The problem =>
Word for word, copy the records and drop the pictures.

Extracted entries =>

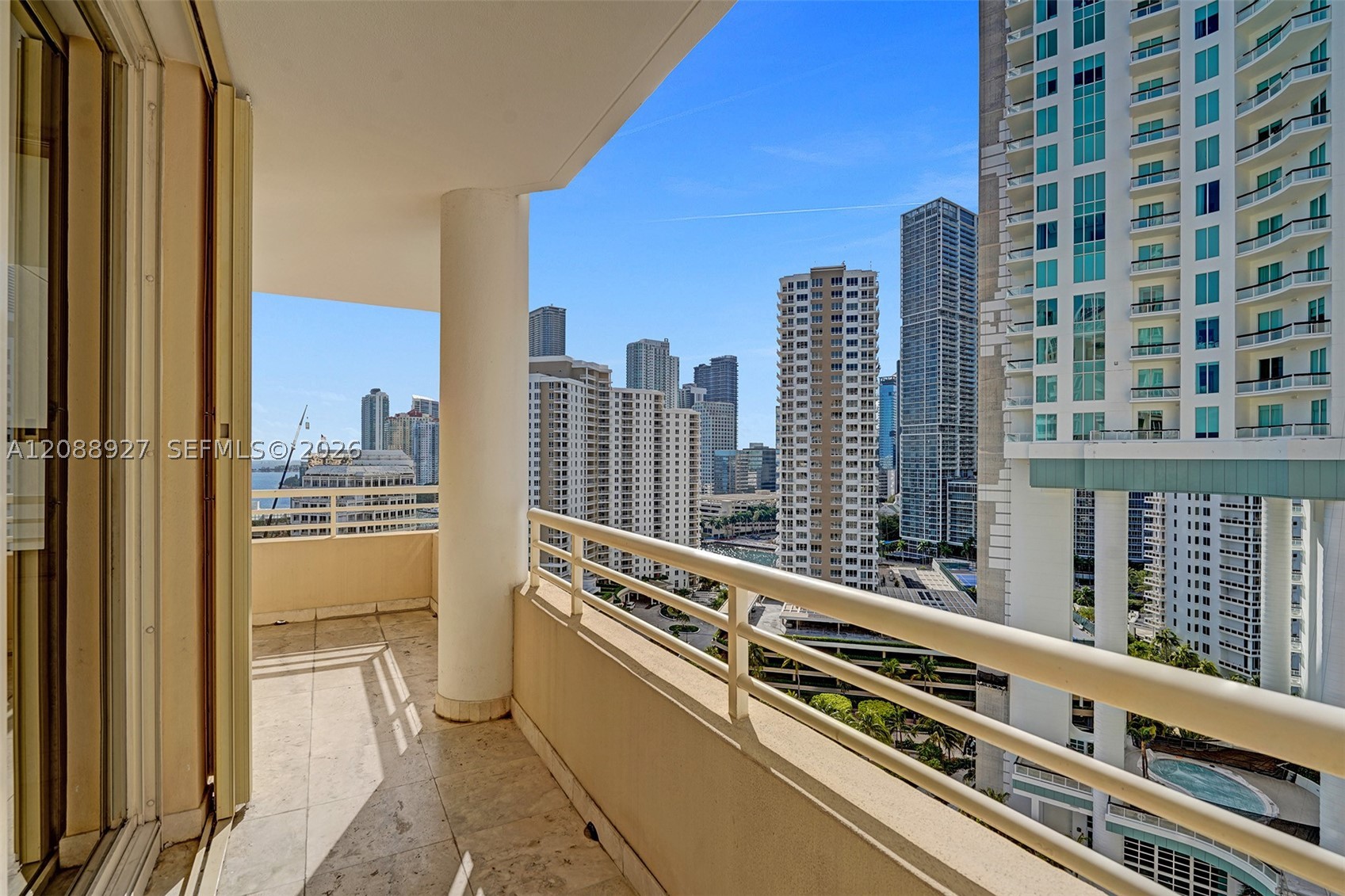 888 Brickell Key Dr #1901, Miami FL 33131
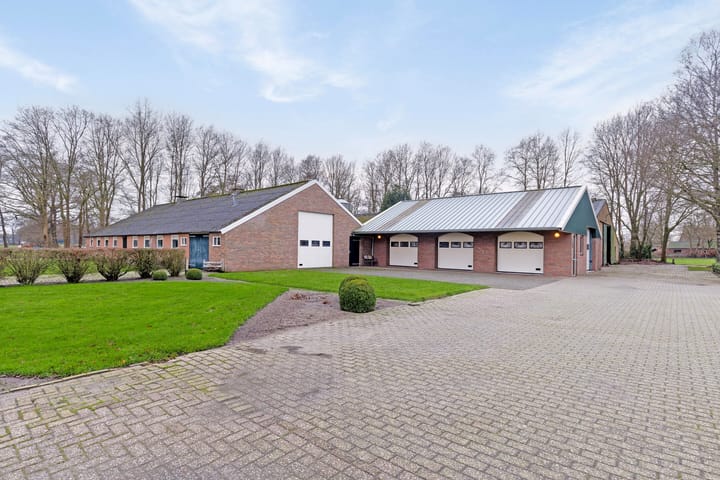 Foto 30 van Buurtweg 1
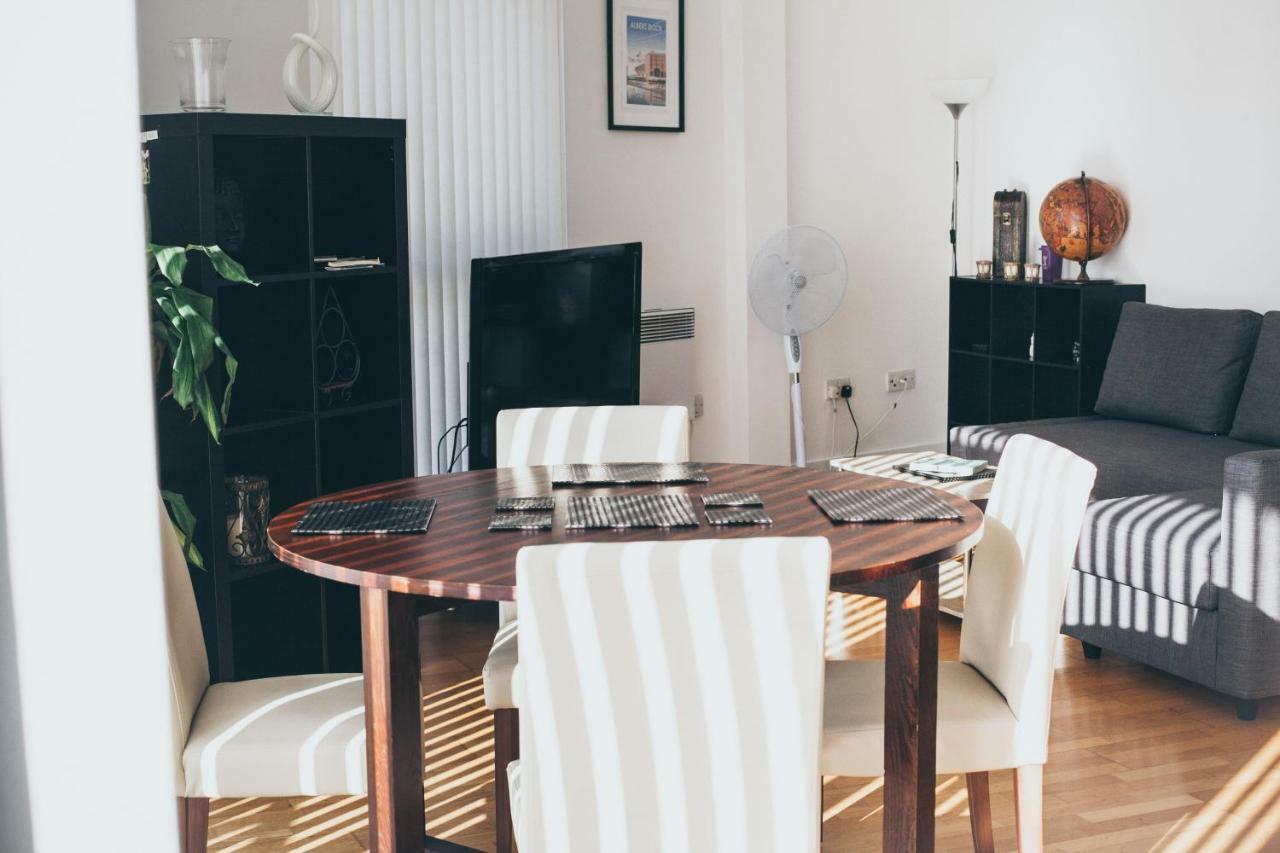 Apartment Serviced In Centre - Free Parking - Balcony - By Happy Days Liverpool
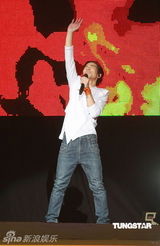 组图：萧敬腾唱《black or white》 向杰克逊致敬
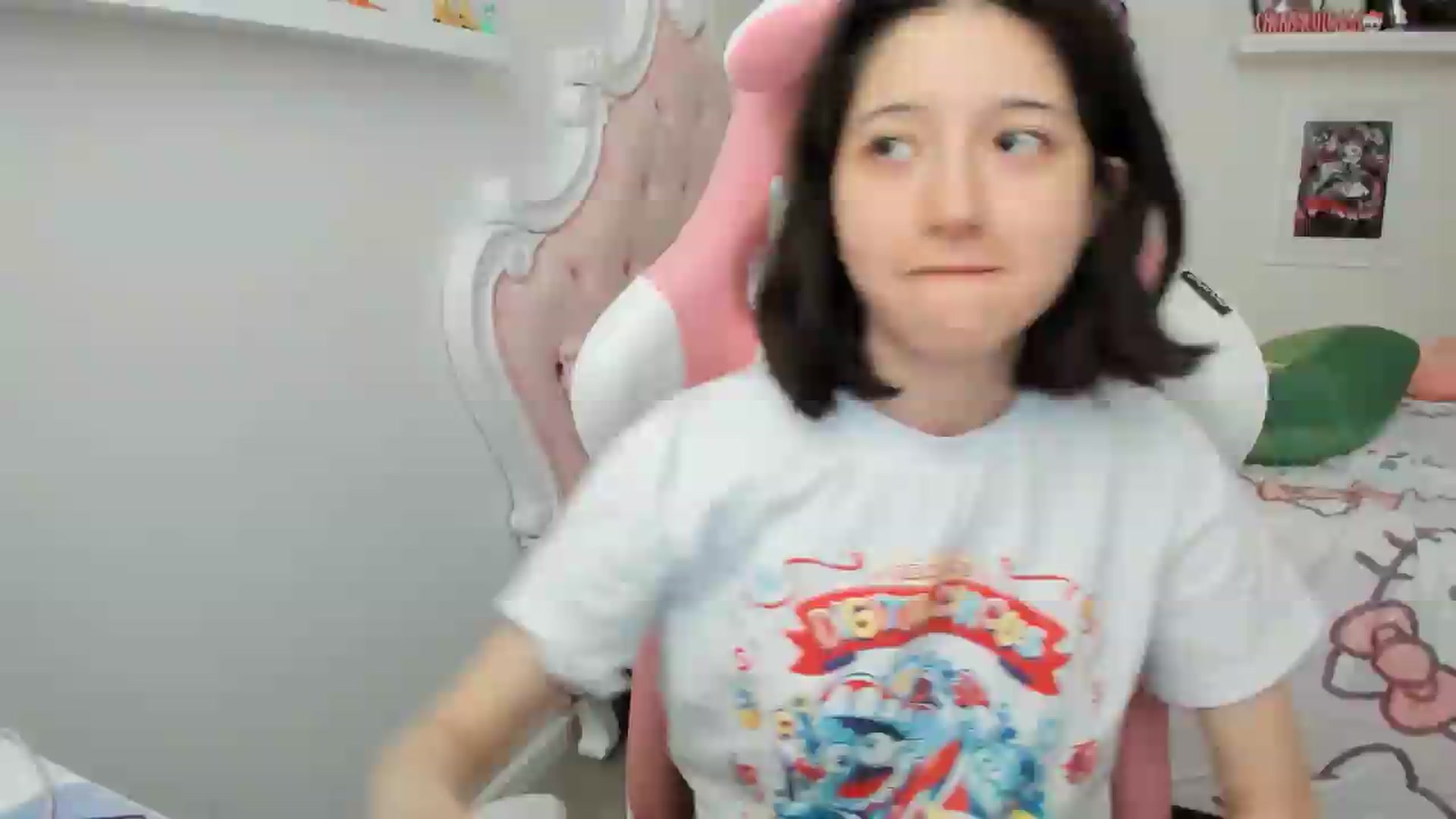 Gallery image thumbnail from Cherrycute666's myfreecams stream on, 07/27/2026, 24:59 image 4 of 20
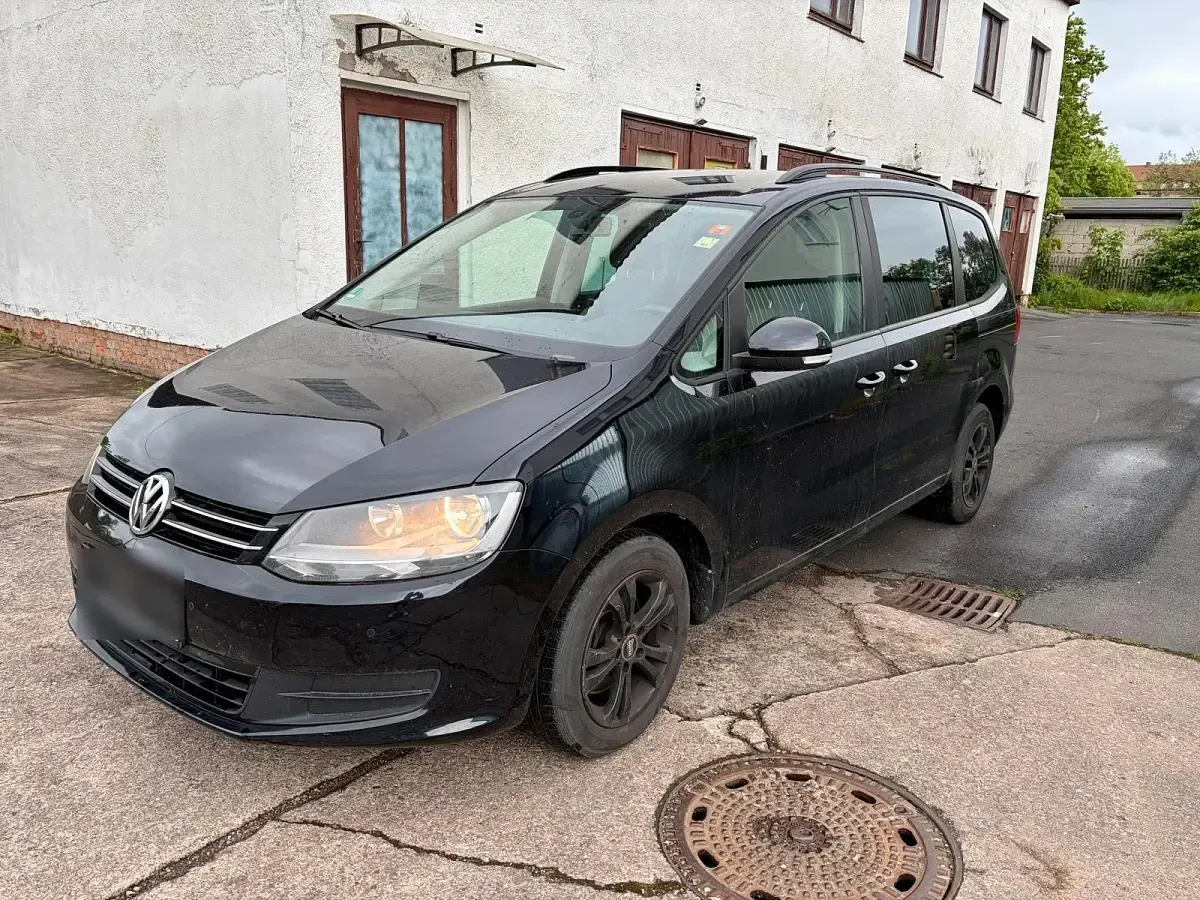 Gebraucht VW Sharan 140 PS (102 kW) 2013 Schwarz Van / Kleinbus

Expected answer =>
 888 Brickell Key Dr #1901, Miami FL 33131
 Foto 30 van Buurtweg 1
 Apartment Serviced In Centre - Free Parking - Balcony - By Happy Days Liverpool
 组图：萧敬腾唱《black or white》 向杰克逊致敬
 Gallery image thumbnail from Cherrycute666's myfreecams stream on, 07/27/2026, 24:59 image 4 of 20
 Gebraucht VW Sharan 140 PS (102 kW) 2013 Schwarz Van / Kleinbus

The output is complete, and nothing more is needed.